A Common Goldeneye, aptly-named. They nest in trees!

A female Oldsquaw. This is the deepest diving duck – they can dive as deep as 60m!

A male Oldsquaw, showing his distinctive, elegant long feathers.

Peekaboo.

This Oldsquaw is swimming in magic hour glow.

This is a Northern Pintail. Isn’t he gorgeous?

The Hooded Merganser more in his element.

A Mallard coming in for a landing.

I’m not sure yet what this bird is. I think it’s a female White-winged Scoter.

A Common Goldeneye flies overhead.

Even the common Mallard looks spectacular at this time of day.

Greater Scaup: this photo was taken from a different location, but they were present on the Leslie Spit pond, though at a greater distance.

Contact!

Two Oldsquaw come in for a landing. However elegant and beautiful they look, even they cannot manage looking graceful when landing.

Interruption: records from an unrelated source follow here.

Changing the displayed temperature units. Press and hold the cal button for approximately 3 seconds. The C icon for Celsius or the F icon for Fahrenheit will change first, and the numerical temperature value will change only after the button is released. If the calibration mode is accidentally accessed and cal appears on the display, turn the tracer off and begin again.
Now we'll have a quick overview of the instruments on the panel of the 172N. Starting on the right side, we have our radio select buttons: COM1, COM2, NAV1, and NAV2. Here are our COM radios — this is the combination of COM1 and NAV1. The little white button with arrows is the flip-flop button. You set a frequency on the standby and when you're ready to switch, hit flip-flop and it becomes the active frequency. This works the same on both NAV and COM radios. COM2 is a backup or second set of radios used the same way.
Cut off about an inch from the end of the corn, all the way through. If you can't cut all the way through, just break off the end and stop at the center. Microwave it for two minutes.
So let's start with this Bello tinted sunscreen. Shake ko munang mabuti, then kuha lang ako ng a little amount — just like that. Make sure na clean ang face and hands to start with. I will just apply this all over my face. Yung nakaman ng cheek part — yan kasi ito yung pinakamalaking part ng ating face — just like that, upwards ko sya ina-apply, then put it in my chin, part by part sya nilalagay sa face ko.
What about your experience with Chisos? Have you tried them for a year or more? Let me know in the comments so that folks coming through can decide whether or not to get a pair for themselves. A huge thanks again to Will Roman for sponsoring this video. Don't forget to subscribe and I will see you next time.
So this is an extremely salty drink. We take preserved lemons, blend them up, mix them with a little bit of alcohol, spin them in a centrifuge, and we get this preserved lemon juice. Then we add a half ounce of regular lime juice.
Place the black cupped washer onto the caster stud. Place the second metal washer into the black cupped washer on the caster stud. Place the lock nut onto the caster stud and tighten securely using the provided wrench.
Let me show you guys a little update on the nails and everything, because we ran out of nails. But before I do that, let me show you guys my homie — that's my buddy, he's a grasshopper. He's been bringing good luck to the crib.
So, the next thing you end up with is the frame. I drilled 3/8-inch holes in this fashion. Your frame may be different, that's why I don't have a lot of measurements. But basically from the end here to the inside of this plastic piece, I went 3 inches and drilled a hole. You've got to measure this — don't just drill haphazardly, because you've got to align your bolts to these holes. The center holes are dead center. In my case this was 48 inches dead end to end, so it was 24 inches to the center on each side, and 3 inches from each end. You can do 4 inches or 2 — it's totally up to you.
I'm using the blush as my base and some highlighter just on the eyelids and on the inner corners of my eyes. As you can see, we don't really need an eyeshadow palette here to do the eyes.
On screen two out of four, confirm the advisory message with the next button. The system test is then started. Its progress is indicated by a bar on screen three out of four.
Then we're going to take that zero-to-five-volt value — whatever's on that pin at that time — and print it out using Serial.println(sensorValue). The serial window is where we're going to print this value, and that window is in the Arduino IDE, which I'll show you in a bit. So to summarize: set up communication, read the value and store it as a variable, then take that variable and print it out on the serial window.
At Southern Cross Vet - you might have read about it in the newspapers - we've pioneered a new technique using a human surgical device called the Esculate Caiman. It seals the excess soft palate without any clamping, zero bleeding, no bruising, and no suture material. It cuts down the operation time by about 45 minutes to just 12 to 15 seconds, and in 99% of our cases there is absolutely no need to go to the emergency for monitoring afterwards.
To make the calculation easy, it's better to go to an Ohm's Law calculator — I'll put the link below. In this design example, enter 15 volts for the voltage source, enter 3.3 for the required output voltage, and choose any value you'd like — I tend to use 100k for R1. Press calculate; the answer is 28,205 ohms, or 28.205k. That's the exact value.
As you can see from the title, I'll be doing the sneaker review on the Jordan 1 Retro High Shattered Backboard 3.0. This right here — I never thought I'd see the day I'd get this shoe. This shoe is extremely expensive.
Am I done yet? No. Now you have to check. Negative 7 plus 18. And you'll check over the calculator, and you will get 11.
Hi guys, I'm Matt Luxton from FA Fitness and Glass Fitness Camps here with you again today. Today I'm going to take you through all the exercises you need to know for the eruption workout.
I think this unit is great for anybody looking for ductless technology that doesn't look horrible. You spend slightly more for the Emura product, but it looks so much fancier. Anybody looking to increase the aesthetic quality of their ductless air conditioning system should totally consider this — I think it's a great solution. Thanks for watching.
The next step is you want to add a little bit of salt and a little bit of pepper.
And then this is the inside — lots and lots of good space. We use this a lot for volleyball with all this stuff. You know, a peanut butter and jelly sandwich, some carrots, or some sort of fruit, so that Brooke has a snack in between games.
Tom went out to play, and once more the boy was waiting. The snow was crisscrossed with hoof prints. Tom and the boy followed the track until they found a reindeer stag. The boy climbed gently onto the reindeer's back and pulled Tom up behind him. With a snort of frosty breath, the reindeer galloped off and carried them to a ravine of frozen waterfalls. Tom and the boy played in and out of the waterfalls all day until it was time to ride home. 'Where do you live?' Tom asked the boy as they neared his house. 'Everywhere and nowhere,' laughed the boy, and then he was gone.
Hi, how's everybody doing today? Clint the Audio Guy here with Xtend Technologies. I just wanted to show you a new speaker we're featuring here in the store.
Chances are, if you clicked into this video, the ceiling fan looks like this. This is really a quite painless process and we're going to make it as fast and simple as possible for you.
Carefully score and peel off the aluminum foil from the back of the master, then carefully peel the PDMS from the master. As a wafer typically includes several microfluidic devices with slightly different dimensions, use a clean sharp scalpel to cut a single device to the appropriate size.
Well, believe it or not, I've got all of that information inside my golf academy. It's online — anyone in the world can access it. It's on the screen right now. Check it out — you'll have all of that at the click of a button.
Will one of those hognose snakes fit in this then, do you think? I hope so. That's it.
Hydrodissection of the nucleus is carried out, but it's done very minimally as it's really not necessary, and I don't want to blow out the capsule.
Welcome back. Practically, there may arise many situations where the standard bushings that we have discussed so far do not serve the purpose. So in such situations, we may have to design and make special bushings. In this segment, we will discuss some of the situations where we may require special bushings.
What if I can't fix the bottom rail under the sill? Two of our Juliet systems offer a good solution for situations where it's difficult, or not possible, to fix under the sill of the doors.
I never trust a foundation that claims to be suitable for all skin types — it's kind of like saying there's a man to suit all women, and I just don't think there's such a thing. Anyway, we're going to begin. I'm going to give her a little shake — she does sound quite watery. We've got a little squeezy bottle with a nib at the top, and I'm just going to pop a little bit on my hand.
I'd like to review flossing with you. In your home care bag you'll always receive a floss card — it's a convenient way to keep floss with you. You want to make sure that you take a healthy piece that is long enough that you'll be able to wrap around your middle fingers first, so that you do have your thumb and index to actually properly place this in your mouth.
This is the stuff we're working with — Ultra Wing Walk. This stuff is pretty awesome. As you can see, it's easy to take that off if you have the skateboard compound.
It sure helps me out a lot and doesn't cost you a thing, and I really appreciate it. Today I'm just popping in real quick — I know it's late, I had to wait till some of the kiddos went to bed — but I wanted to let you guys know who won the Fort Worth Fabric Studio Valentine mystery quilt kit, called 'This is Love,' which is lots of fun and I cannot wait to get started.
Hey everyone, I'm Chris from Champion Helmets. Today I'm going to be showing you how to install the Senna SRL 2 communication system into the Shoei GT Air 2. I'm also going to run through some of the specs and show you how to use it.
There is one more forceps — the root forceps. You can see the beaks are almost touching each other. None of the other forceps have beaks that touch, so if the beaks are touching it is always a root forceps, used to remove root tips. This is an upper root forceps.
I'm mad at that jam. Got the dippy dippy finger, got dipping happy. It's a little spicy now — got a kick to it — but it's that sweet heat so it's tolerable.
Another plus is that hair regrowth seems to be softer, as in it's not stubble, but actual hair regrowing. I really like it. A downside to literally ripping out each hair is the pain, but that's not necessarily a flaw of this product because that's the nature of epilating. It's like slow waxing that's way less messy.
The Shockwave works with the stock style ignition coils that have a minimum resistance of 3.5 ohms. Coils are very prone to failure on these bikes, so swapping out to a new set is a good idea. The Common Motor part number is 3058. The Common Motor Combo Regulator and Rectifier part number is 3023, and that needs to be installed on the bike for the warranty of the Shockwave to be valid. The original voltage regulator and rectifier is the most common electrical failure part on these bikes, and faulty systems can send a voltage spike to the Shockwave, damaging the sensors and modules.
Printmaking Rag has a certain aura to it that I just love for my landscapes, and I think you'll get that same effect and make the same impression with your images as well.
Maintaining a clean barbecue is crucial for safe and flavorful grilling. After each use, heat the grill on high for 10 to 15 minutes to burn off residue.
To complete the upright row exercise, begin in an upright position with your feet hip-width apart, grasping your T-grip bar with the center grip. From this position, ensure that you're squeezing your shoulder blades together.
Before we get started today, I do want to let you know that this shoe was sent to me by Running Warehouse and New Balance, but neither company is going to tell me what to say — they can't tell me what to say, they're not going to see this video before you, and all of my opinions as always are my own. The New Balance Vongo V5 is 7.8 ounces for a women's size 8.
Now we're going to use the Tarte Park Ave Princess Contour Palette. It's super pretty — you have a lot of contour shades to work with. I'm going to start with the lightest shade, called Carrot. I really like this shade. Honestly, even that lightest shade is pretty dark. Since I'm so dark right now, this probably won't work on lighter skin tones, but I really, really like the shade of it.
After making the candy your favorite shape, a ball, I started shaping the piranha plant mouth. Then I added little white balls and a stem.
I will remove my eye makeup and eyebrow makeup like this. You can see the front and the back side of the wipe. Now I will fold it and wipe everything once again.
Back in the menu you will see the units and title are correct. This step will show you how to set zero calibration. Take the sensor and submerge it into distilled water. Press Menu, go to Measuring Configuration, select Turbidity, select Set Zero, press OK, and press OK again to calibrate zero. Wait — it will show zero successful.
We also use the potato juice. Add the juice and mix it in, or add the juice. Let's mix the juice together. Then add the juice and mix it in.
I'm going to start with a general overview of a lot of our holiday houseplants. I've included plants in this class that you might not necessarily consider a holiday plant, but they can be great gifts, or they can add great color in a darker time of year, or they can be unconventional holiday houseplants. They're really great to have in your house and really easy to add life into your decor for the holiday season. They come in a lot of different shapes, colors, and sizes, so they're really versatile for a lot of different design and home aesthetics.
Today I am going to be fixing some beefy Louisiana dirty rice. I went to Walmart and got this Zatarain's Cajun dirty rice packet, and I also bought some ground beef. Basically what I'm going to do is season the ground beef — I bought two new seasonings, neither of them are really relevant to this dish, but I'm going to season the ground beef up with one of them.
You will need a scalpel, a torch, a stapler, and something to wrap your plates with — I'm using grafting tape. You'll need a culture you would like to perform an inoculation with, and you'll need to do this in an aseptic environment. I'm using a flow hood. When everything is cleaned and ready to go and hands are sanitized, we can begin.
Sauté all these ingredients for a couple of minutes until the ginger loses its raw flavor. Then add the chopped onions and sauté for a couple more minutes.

Not ducks, but a family of Trumpeter Swans. These are the heaviest birds native to North America.  They usually mate for life, they don’t pair until 4-7 years old and live up to 24 years in the wild.  How’s that for some interesting trivia?

A female Merganser lands on the far side of the pond.

The sun has dropped below the skyline and the lighting is beginning to fade away.

A week earlier, this was solid ice. Warm temperatures last week started a melt and the last of the sunlight played over the remaining snow and ice.

And that’s a wrap.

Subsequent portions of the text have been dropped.